The two Churches have been led to the altar in the past, but impediments proved decisive at the final moment. The latest move is a development from the Anglican-Methodist Covenant made in 2003, and the ratification of recommendations for its further implementation made in 2014 by both the General Synod and the Methodist Conference.

The report by the drafting group, Mission and Ministry in Covenant, “proposes that our Churches are now ready to take a new step towards full visible unity in a relationship of communion with one another. . .”

It states that introducing intercommunion between the two Churches “does not mean structural unity, or an end to our distinctive forms of church polity”. Instead, it proposes a formal declaration of a new stage in the Churches’ relationship. After this, they would “undertake two formal, public commitments: (a) to share the ministry of the historic episcopate as a sign of the apostolicity of the Church of God; (b) to welcome all presbyters/priests serving in either Church as eligible to serve in both Churches”.”

Read the rest here

A statement from the Church of England commends the report to serious consideration, saying that if approved, this would heal a breach that should never have occurred in the first place.

The report sets out a way by which the Methodist Church would become one of the churches with which the Church of England is officially in communion, alongside other members of the Anglican Communion and Lutheran churches in the Porvoo Communion.
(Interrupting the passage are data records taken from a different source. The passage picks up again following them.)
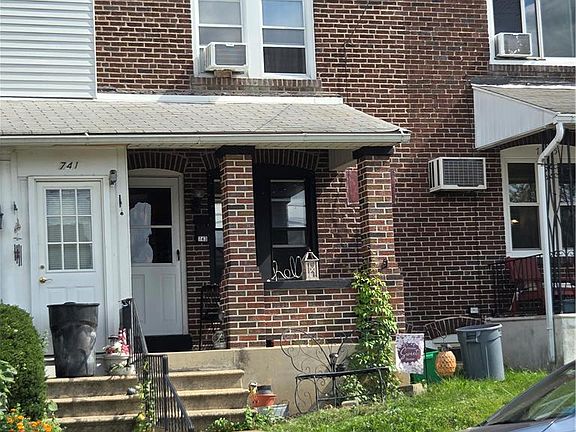 3rd image of 743 S 10th St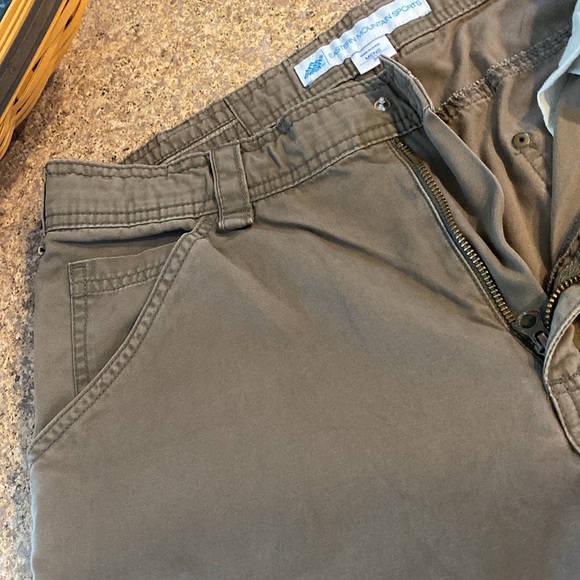 Eastern Mountain Sports Pants BROKEN BUTTON Size 34 But May Run Smaller - Picture 5 of 17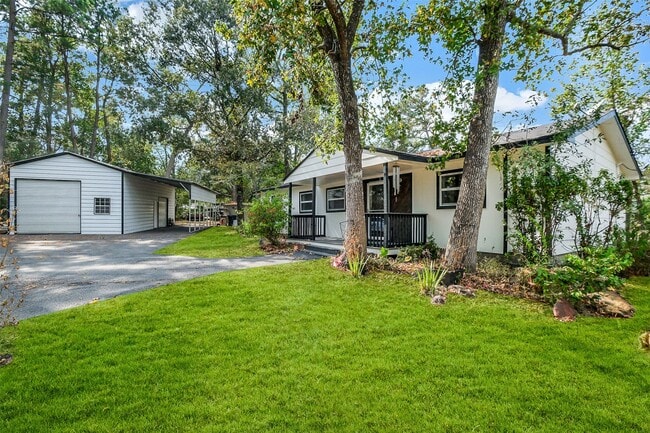 27011 Azalea Ct in Magnolia, TX - Building Photo - Building Photo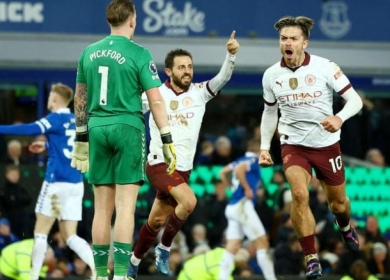 مانشستر سيتي يعاقب إيفرتون بثلاثية في الدوري الإنكليزي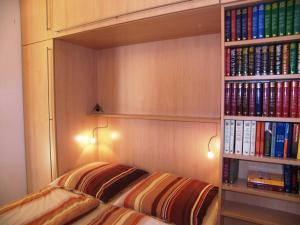 Knihovna v apartmánu + 20 fotografií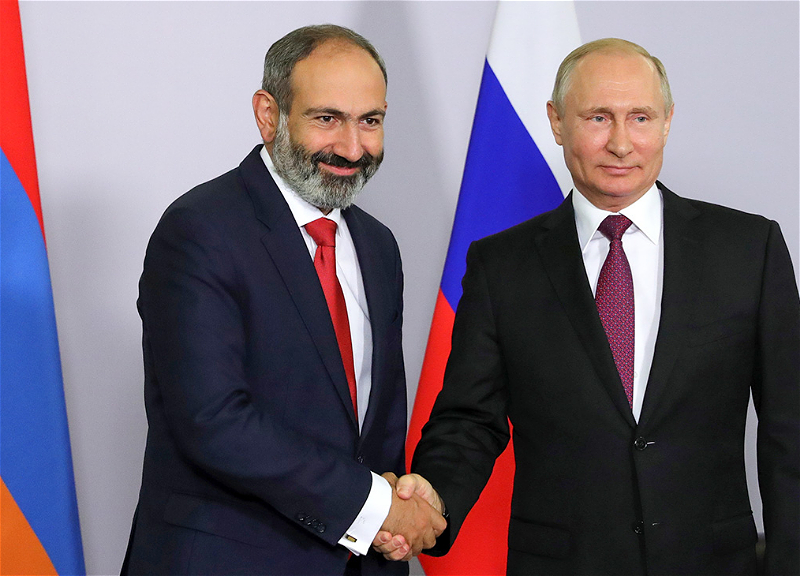 Путин и Пашинян обсудили по телефону ситуацию вокруг Карабаха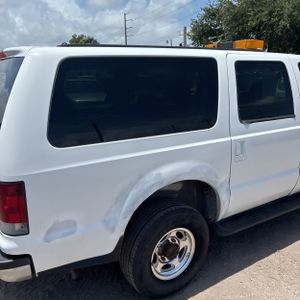 FORD EXCURSION XLT - 9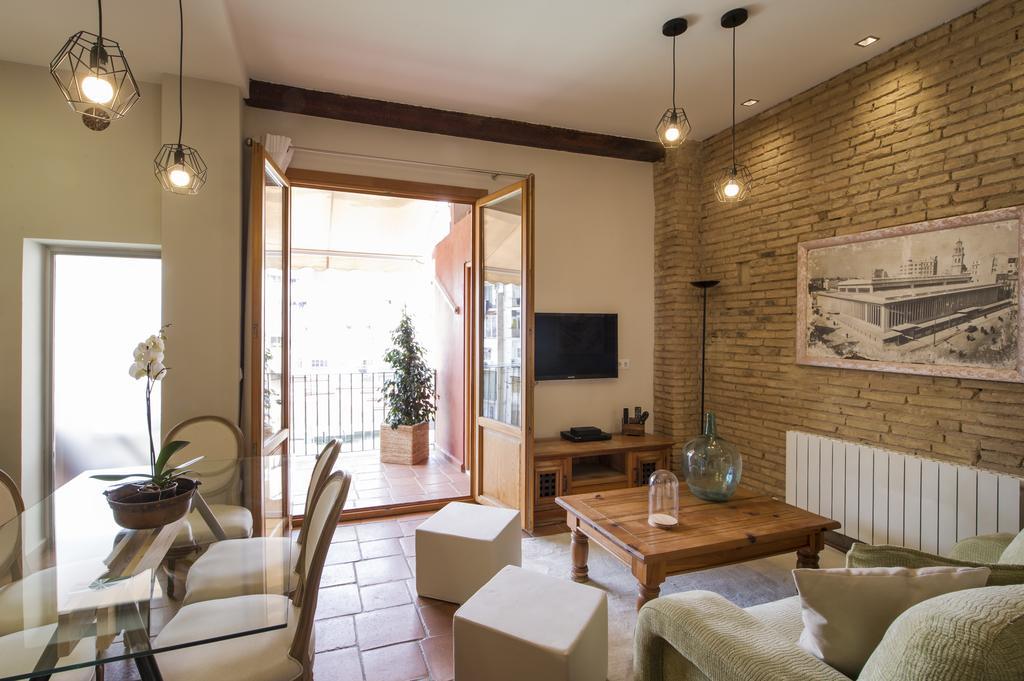 Sueca Apartment With Terrace Ruzafa Mid-Term Valencia Bagian luar foto
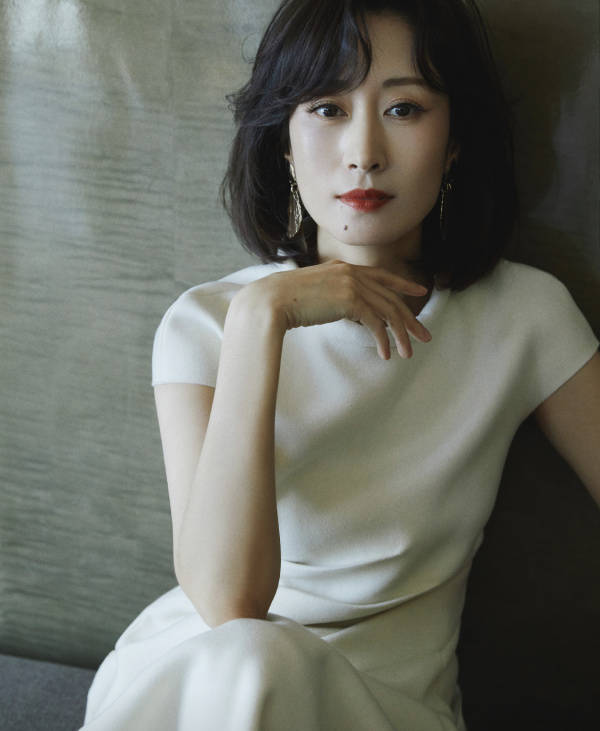 44岁刘敏涛真够"狠",穿高开衩裙秀美腿,凹凸身材真撩人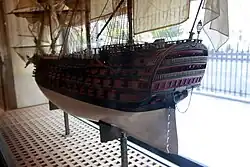 Vue générale du château arrière, avec la décoration sobre du tableau typique des vaisseaux de la fin du XVIIIe&nbsp;siècle.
The Bishop of Coventry, The Rt Revd Christopher Cocksworth, Chair of the Church of England’s Faith and Order Commission, said: “I am grateful to the joint working group for their careful but imaginative work on bringing forward a workable plan for enabling interchangeability of presbyteral ministry in our two churches.

“The solution is built on the centrality of the historic episcopate and the bishop as minister of ordination.

“The scheme as proposed will enable dioceses, districts and local churches to engage in creative pastoral planning for the good of the mission of God in this country.”

The Bishop of Fulham The Rt Revd Jonathan Baker, Anglican Co-Chair of the joint working group, said: “The separation between Anglicans and Methodists in Great Britain is a tear in the fabric of the Body of Christ.

“The proposals in this Report are offered as a means of helping to repair that tear.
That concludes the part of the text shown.